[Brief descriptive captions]
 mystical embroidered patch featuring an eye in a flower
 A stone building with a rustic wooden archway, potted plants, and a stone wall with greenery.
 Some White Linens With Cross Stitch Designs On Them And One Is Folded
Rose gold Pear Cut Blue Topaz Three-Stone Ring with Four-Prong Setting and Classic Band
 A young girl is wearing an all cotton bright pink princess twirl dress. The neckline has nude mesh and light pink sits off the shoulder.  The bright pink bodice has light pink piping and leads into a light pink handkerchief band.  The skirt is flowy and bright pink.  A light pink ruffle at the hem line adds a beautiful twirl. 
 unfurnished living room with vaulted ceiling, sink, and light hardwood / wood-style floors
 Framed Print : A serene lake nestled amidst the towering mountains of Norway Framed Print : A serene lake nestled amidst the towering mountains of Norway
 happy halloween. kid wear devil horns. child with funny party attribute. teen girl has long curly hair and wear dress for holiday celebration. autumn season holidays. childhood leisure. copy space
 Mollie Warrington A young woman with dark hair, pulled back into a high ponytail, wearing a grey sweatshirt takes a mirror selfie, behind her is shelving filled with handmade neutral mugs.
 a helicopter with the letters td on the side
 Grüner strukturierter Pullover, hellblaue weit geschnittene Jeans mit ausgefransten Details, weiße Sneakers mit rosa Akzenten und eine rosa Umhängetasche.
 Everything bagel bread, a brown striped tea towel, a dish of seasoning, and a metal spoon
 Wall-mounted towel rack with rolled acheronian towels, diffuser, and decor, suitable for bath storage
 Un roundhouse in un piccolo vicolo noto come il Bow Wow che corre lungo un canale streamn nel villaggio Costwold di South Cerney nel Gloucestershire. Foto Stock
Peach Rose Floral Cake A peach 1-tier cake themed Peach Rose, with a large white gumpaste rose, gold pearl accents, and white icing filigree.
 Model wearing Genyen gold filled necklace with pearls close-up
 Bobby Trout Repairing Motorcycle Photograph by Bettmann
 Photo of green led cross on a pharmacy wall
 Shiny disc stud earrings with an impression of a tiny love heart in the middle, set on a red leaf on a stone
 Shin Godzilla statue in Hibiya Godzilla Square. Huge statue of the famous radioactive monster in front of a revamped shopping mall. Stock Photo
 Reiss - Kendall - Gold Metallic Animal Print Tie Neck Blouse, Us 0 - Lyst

■ EXERCISE REQUIREMENTS ■
Please return the lines above that run from the line containing "Rose gold Pear" to the line containing "Mollie Warrington A", inclusive, exactly and with no other lines.

■ RESULT OF THE TASK ■
Rose gold Pear Cut Blue Topaz Three-Stone Ring with Four-Prong Setting and Classic Band
 A young girl is wearing an all cotton bright pink princess twirl dress. The neckline has nude mesh and light pink sits off the shoulder.  The bright pink bodice has light pink piping and leads into a light pink handkerchief band.  The skirt is flowy and bright pink.  A light pink ruffle at the hem line adds a beautiful twirl. 
 unfurnished living room with vaulted ceiling, sink, and light hardwood / wood-style floors
 Framed Print : A serene lake nestled amidst the towering mountains of Norway Framed Print : A serene lake nestled amidst the towering mountains of Norway
 happy halloween. kid wear devil horns. child with funny party attribute. teen girl has long curly hair and wear dress for holiday celebration. autumn season holidays. childhood leisure. copy space
 Mollie Warrington A young woman with dark hair, pulled back into a high ponytail, wearing a grey sweatshirt takes a mirror selfie, behind her is shelving filled with handmade neutral mugs.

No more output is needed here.